Buying prawns for Christmas? Here's what you need to know
SUNSHINE Coast seafood lovers will still be able to slap a prawn on the barbie right up to Christmas, according to local suppliers.
Despite prawn prices reportedly spiking heading into the festive season, there are plenty of options for customers right up to the 25th.
Caloundra Seafood Markets owner Matt Taylor said a price rise heading into Christmas was the norm.
The 22-year industry veteran encouraged buyers looking to avoid long lines, to buy early.
"While it is pretty tough at the moment it is no different to what we see every year," Mr Taylor explained.
"Because it is the start of the shallow water season, there is a lot of good quality product going off shore. But we still have good numbers.
"We are doing our best to keep our prices the same as last year. But we are unsure on the exact price until we get the unloads."
He said there were other, cheaper alternatives to the King prawn - the one that everyone craves.
"The smaller grades of prawn like the Tiger or Endeavours are less in-demand and will be a little easier on the wallet," he said.
"If you want the freshest prawns, we are available 36 hours over Christmas but customers can also buy early.
"Prawns can be kept in the freezer for three months. In the fridge they last up until four days, so long as they're in a sealed container and covered with ice and salt."
Suncoast Seafoods in Maroochydore say they're lucky to not rely on prawns to turn a profit.
"We are getting Tigers at the moment, not the Kings like usual," owner Stuart Ruddell said.
"Last year the prawns went up over Christmas because it is the best money making period. We don't make much profit on prawns.
"Only a few months ago they were $22 per kilo now they're up over $28 per kilo. That is about average for Christmas."
Queensland Seafood Marketers Association president Marshall Betzel warned prawn supplies were "pretty tight" around the country and prices for large sea-caught tiger and king prawns could surge above $40/kg closer to the festive season.
He said the "double whammy" of booming Chinese demand for Australian wild-caught prawns and ongoing import restrictions was driving up prices.

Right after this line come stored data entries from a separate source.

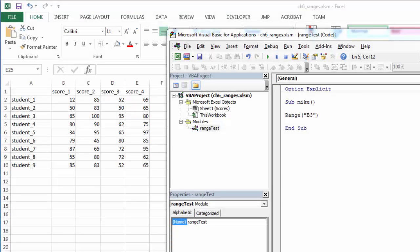Let's take a look at the offset property of a range and how we can use this to enter data in the next row.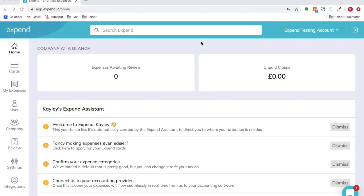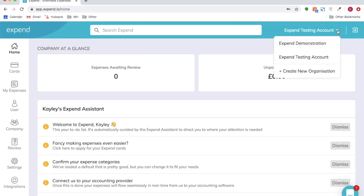This video will show you how to add an organization as an accountant or a business user. Select the drop-down and click create new organization.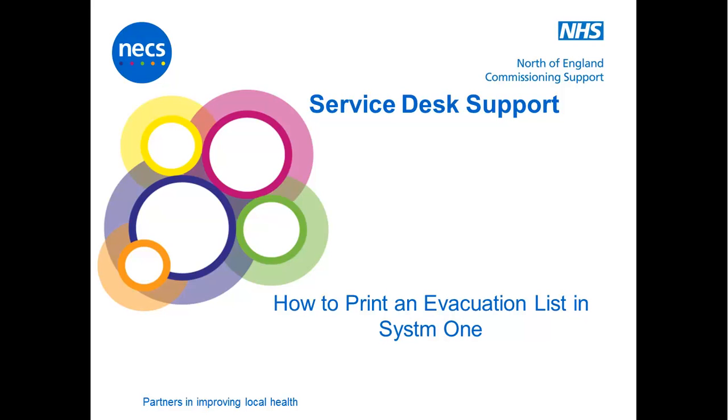Welcome to NEXT Service Desk. In this session we're going to look at how to print an evacuation list in System 1.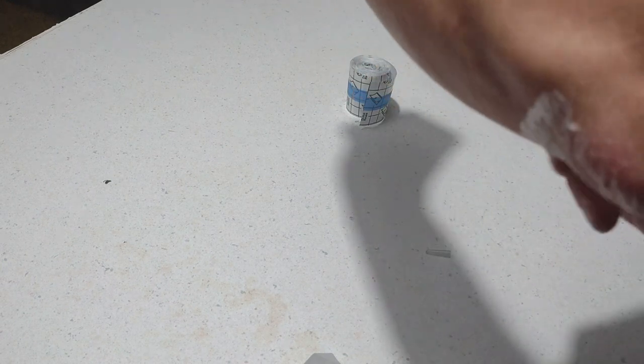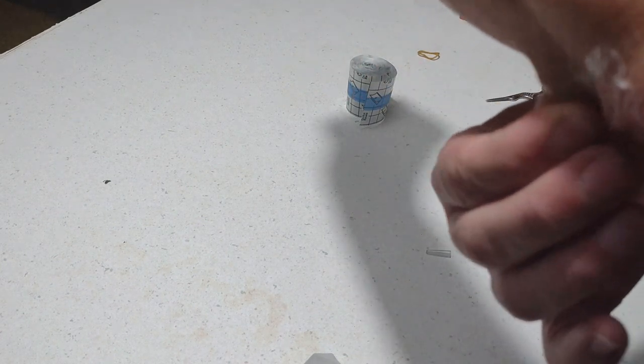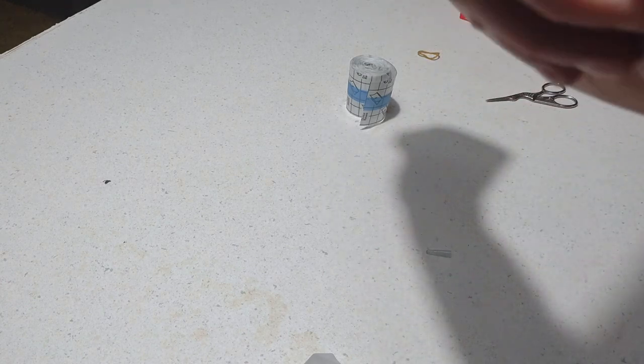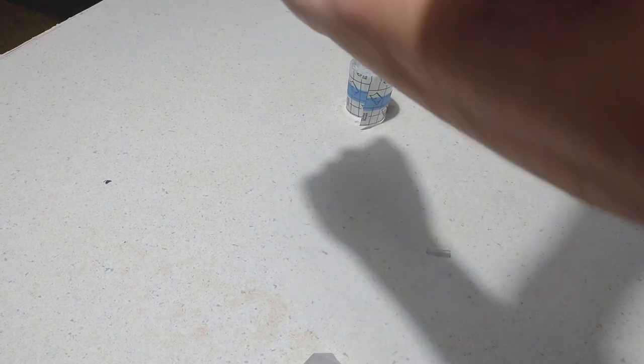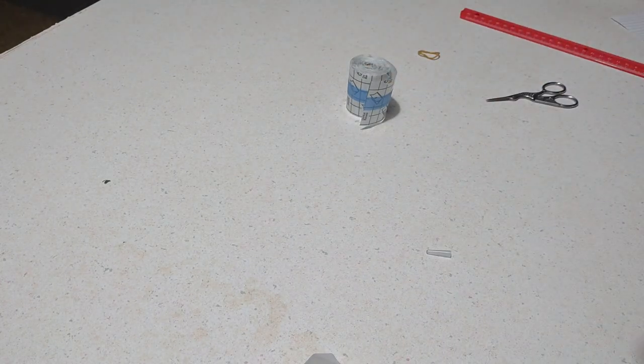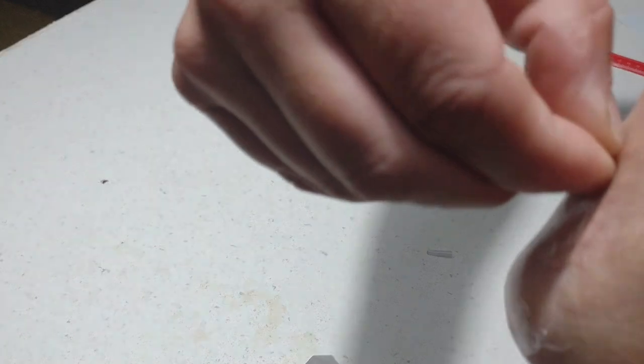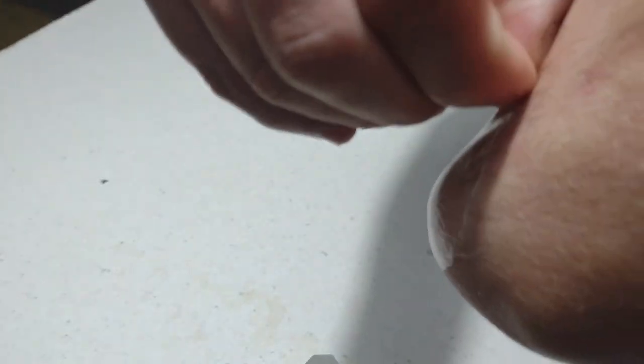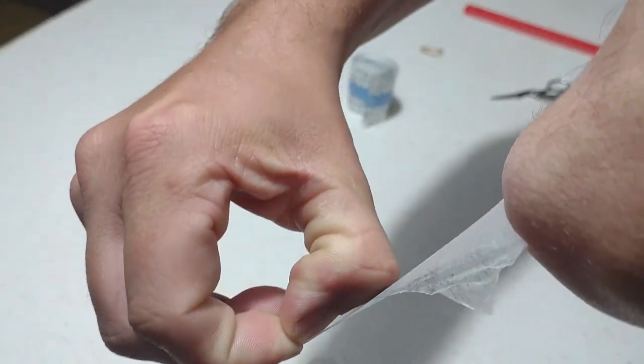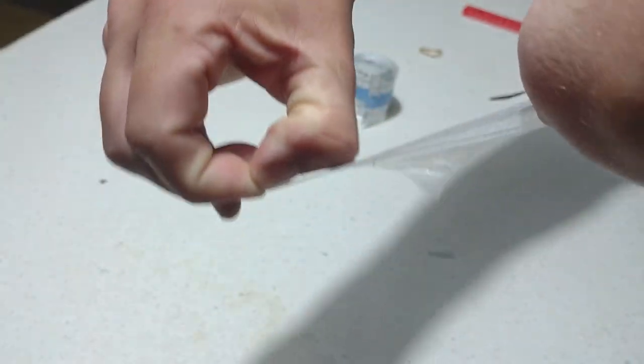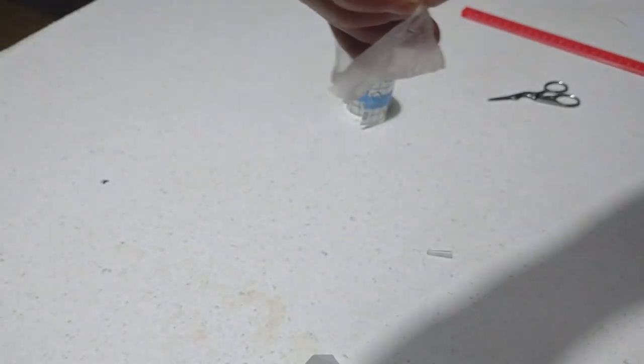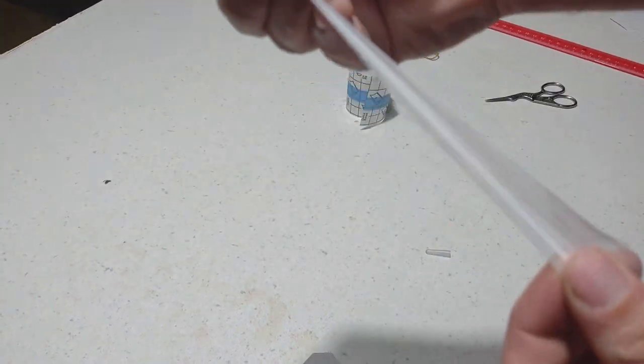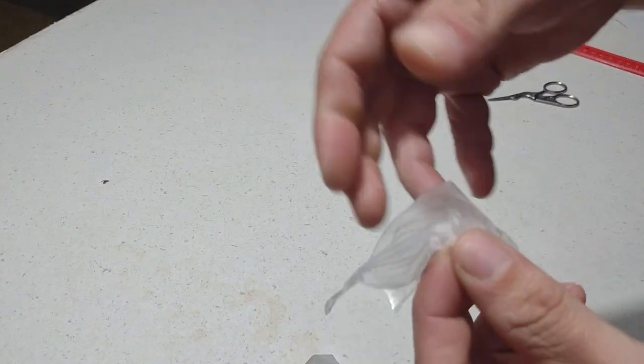And then when you're done you can just peel it off. Very stretchy.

However, other popular crustaceans such as tropical lobster were also in short supply.
"The overall message is don't leave it to the last minute to go shopping for seafood for Christmas," Mr Betzel said.
"The prudent buyer should be looking at buying prawns today. Prawns snap-frozen on the boat come up a treat when thawed out so you could be buying them and putting them in the freezer until Christmas to make sure you don't miss out."